What companies and researchers are finding as they examine business activities ranging from supply chain processes to predictive maintenance processes, to radiology systems, is that a multitude of 5% and 10% AI-based improvements in getting aspects of the process to work better really adds up over time. And every time these improvements collectively improve a supply chain by 5% or 10%, or radiological accuracy by 20% or 30% in detecting tumors, that's a very powerful outcome, not just to an individual, but potentially for society. And that’s especially true because the cost of making each improvement is typically small.
Obviously, big breakthroughs are great. But there's so much more than business can do with this technology as we seek to enhance every process where human beings have to make decisions, and augment those with machine intelligence to make those decisions more accurate, more speedy, and more likely to have a positive outcome.
And that’s especially encouraging because capturing so much of this windfall for consumers and shareholders doesn't require massive breakthroughs. It leverages the technology we already have today. And every time we do it, the process gets better, the cost structure gets better and the outcomes get better.
Given this trend, we offer the following forecasts for your consideration.
First, over the next five years, intelligence will be embedded in almost every industrial process and most consumer products.
There really isn't an industry that is not contemplating this transformation. In some industries like health care, it's hard to implement AI quickly because it's such a regulated industry; as a result, the timeframes are very long. That’s why we’re seeing the early impact emerging in areas like drug discovery and the so-called wellness industry. For instance, there is the Oura Ring, which monitors your temperature and a bunch of other vital signs. It's a wellness tool that uses advanced machine intelligence to give you a pretty good early warning that you might be coming down with something before you know you're sick.
Second, machine intelligence price-performance will accelerate sharply as 5G networks roll out.
The hallmark of future telecom infrastructures will be automation.
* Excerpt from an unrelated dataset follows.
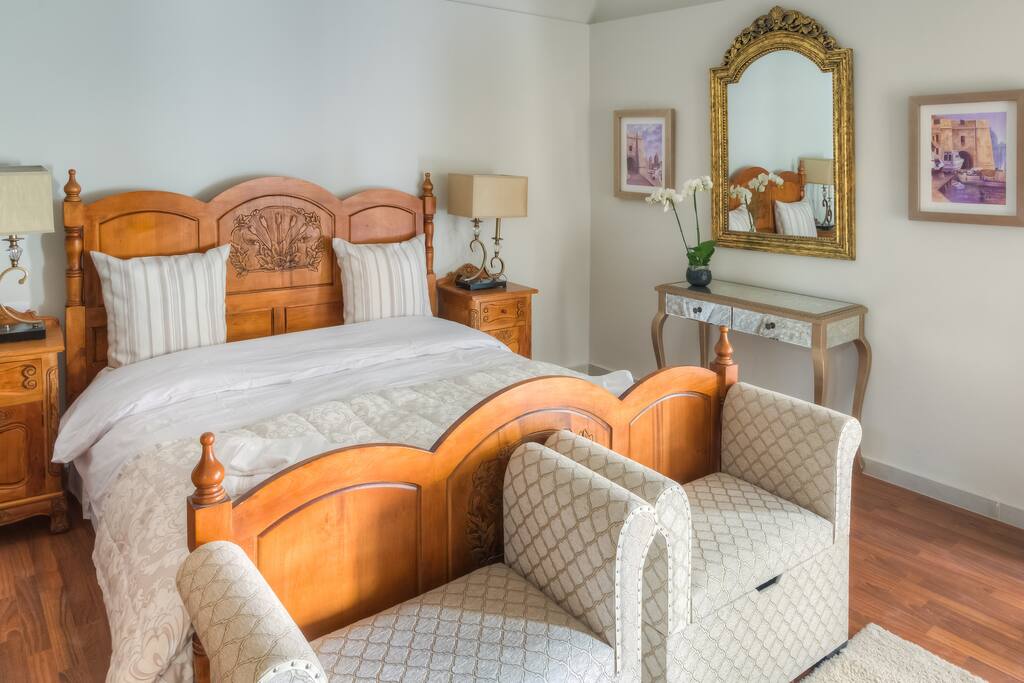 Luxurious king size bed with en-suite bathroom and balcony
Intelligent machines will make the decisions around spectral efficiency, bandwidth tuning, and all kinds of other things because there's just no way a human being can run a network of one hundred-million subscribers; and in the U.S. alone, some of these mobile networks, 10 years from now, might have a trillion “things” connected to them. Most importantly, chips and algorithms developed for these infrastructure roles will provide a foundation for innovative applications in other areas.
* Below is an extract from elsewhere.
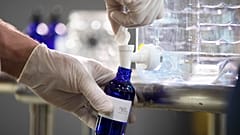 A worker bottles hand sanitizer made at the Eight Oaks Farm Distillery in the USA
Third, logistical applications will be another area dramatically transformed by machine intelligence in the 2020s.
There are machine intelligence initiatives going on in the freight and logistics space where people are realizing that goods and services move too slowly and clunkily. This begs the question, “what if we fuse intelligent forklifts, with visual surveillance, object mapping, and algorithms to decide how to load planes or trucks optimally?” Then, we can integrate logistic infrastructure that uses AI to identify bottlenecks in the supply chain. And then, let AI figure out the pattern and develop a set of logic around it. The payoffs could be enormous. And that’s particularly important if we’re trying to raise living standards and total wealth in a country that is rapidly aging. And,
Fourth, the biggest challenge to the machine intelligence revolution will be security.
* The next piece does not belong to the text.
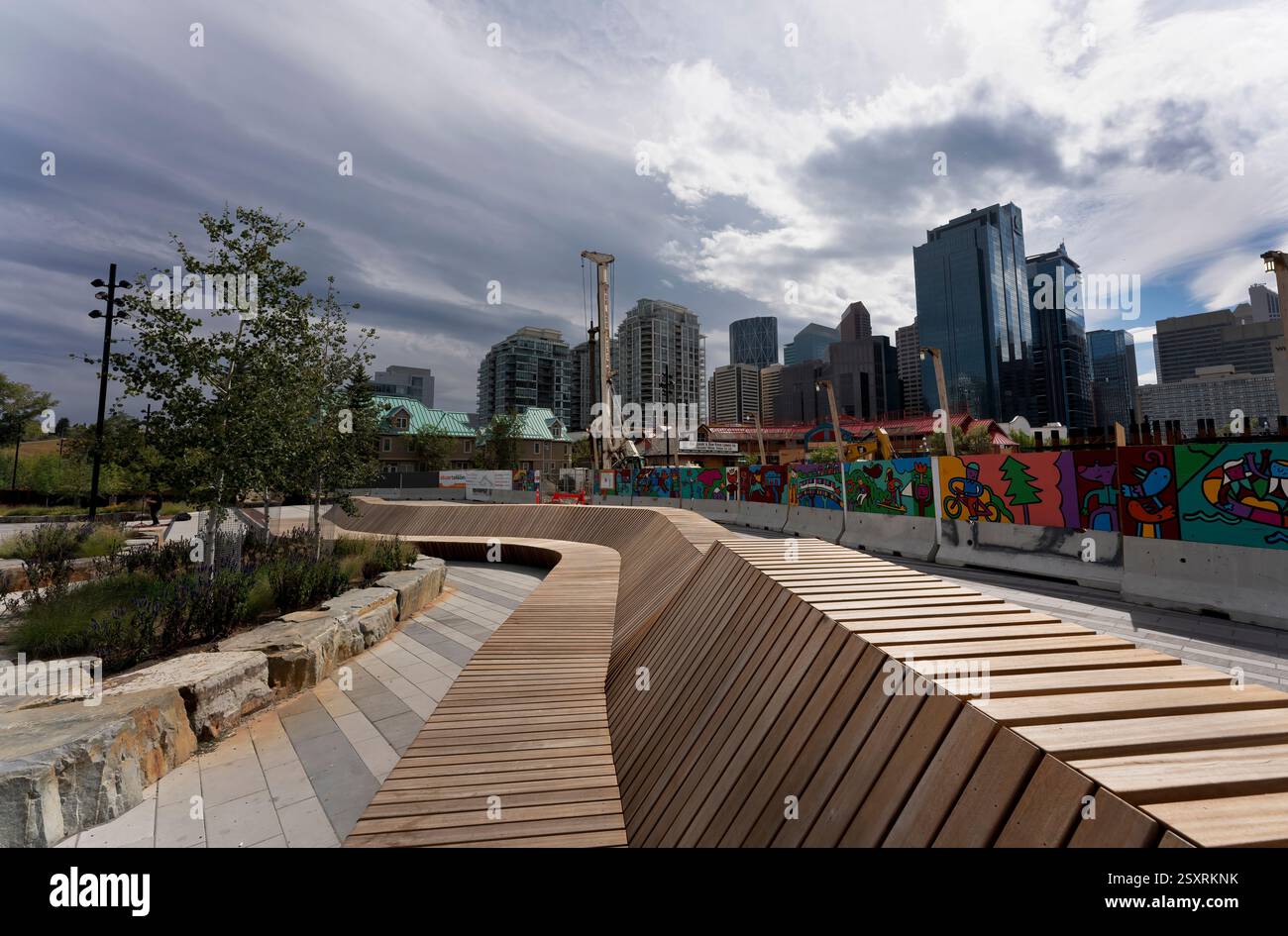 Moderner Holzsteg in einem Park mit Blick auf die Skyline von calgary, alberta, kanada, unter bewölktem Himmel Stockfoto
Throughout history, every mechanism that has created wealth and power has attracted criminals and enemies seeking to steal or destroy it. That’s not going to change. And it’s the very technologies that create this wealth that are going to enable attacks and defenses. Quantum computing and Quantum networking will play particularly important roles in this battle. Furthermore, the ability to identify intrusions and meaningfully retaliate against perpetrators is vitally important. Therefore, there is no time like the present to seal our Technological Iron Curtain.